Поцелуй расцвел на губах. Самый нежный из тех, что когда-то случались в моей жизни. Я таяла в руках Сергея. Обняла его за шею и притянула ближе. Кровать укачивала, как лодка на реке. Я почувствовала крепкие мужские объятия, а потом сразу же холод покрывала. Утонула в подушках и вынырнула к еще одному поцелую.
- Кристина, - выдохнул Ольшанский мое имя.
От его ласк в одежде стало жарко. Я позволила задрать свое платье до талии и пожалела, что хлопок белья такой тонкий. Сквозь него все чувствовалось так, словно я раздета. Влага пропитывала трусики, я выгибалась навстречу движением пальцев Сергея. И все было замечательно, пока он не сдвинул ткань в сторону и не проник в меня.
- Ай! – от резкой боли я дернулась и застонала, а дальше все было на инстинктах. Я схватила Ольшанского за руку и оттолкнула от себя, одновременно пытаясь сесть или хотя бы отползти. Сердце застучало, грудь сдавило. Возбуждение мгновенно превратилось в панику. – Больно!

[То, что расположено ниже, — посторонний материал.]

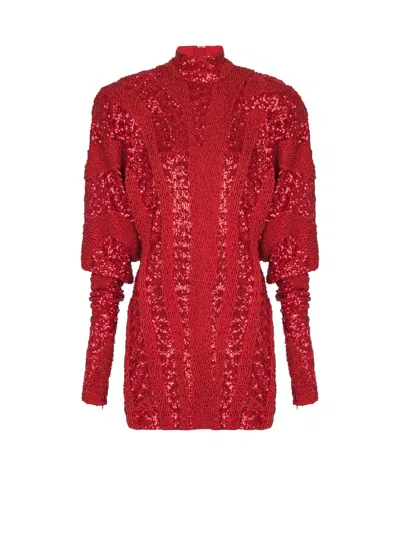Balmain Short Zebra Sequin Dress In Red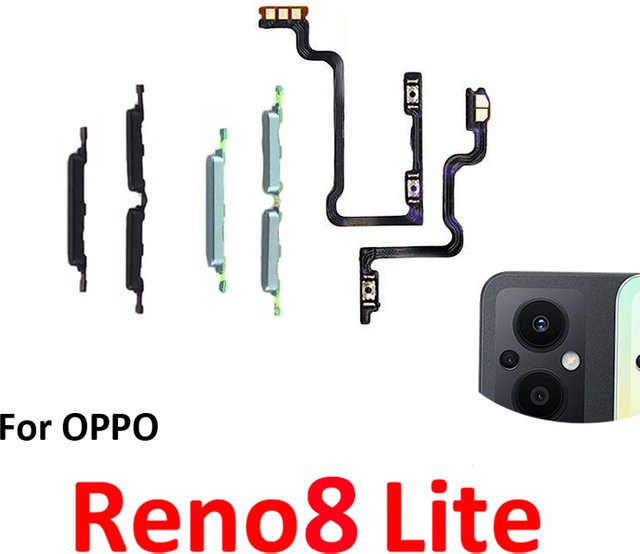Oppo Reno8 Lite Internes Flexkabel für Power- und Lautstärketaste Ersatzteil in Schwarz und Grün - Bild 1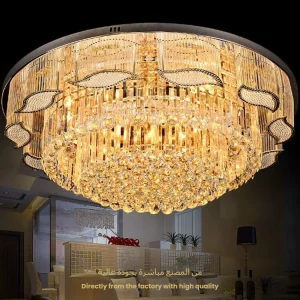 Modern 80-LED Crystal Flush-Mount Chandelier, Metal, Round, Gold Finish, for Bedrooms
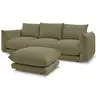 Image de Bobochic canapé droit fixe 3 places ernest avec pouf vert ERNEST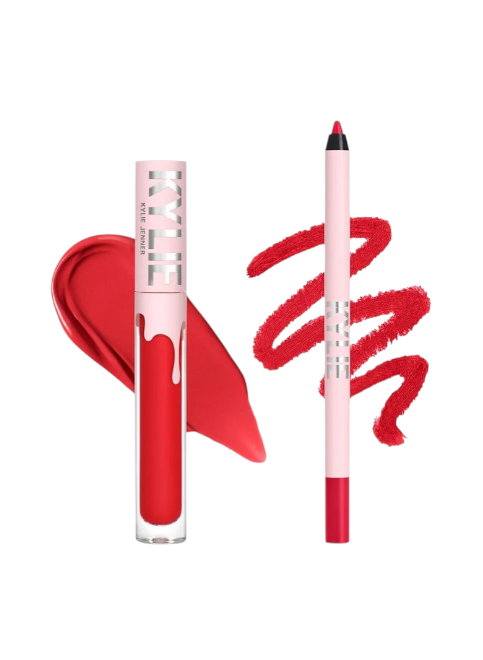 Red lipstick and lip liner with brand name on a white background Kylie Monza Outlet, Monza Fashion, Shein Outlet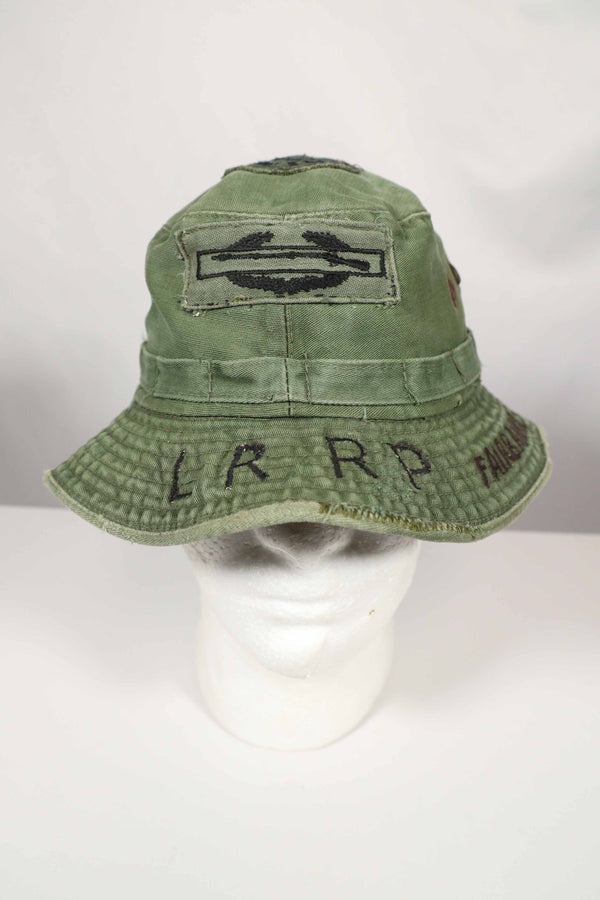 Real Locally Made OD Boonie 9th Infantry Divition LRRP with Direct Embroidery & Sniper Patch Boonie Hat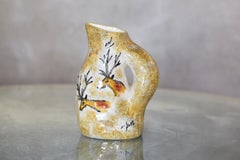 1950s French Vallauris-Style Ceramic Jug Vase with Deer Motif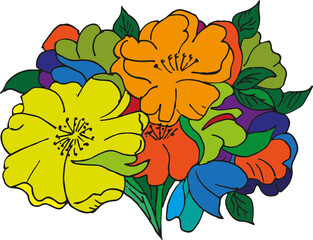 vector illustration of garden flowers, handwritten composition of flowers on a postcard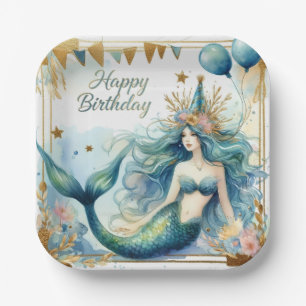 Elegant Mermaid Birthday Blue Gold Floral Paper Plates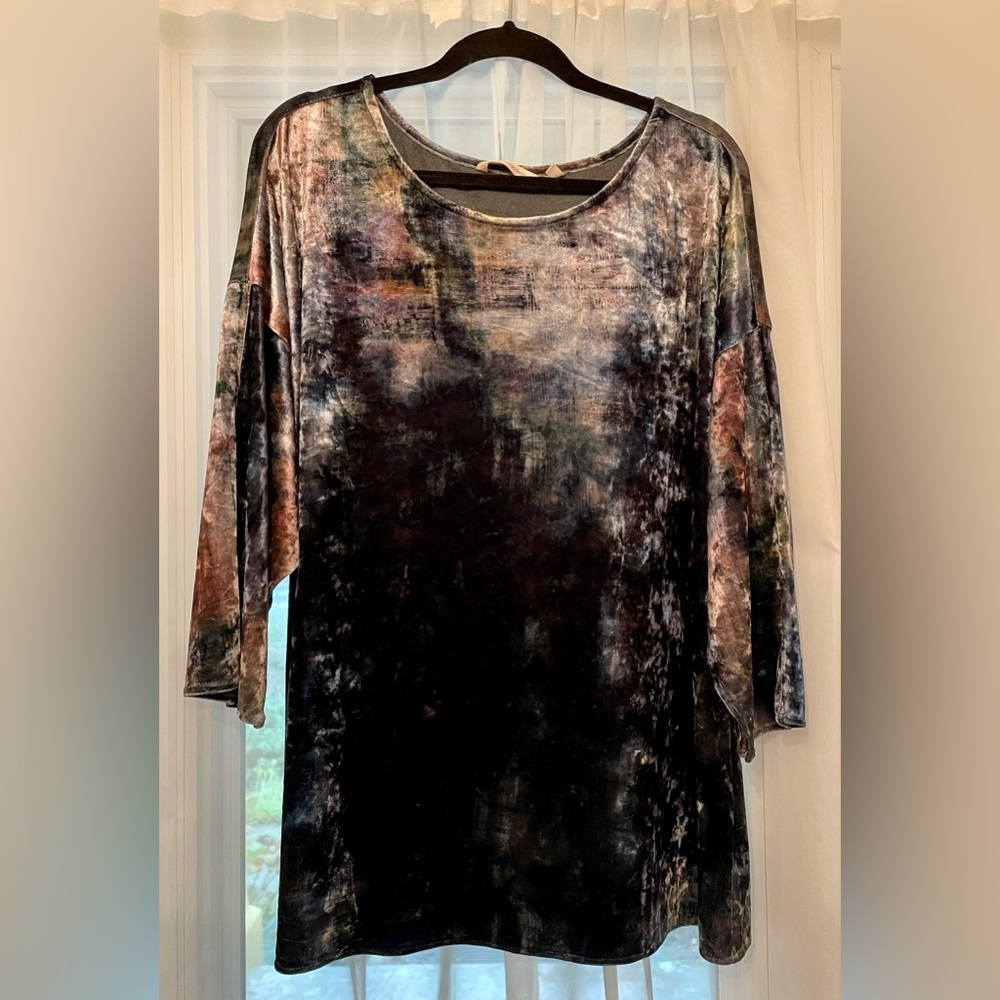Soft Surroundings Painterly Iridescent Crushed Velvet Tunic Top Blue Women's 1X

- Извини, извини, - зашептал Сергей и попытался снова меня обнять, но я уже знала, что за этим последует.
- Нет! Пожалуйста, не трогай!
- Тише. Не трону, тише. Все нормально, так и должно быть.
Нет. Так точно нет. Я многого ожидала, но такой боли мне не вытерпеть. Туман в голове рассеялся, я осматривала спальню, соображая, смогу ли сбежать. Решимость отдаться сдулась, как будто её не было. Почему все случилось так быстро? Мы пили вино и вот я почти без трусов.
- Кристина, - позвал Ольшанский, показывая открытые ладони, - все хорошо, слышишь? Не нужно убегать. Я поторопился, но больше так делать не буду. Давай представим, что мы – два подростка, которым еще рано. Целоваться и обниматься можно, все остальное – нет. Тебе ведь нравятся поцелуи?
Он разговаривал со мной ласково, как с ребенком, но сделал хуже. Стыдно стало. Двадцатипятилетняя дура не смогла справиться с собой. Запущенный клинический случай. Лечению не подлежит.
– Прости, - попросила я и заметалась на кровати. – Прости, не сейчас.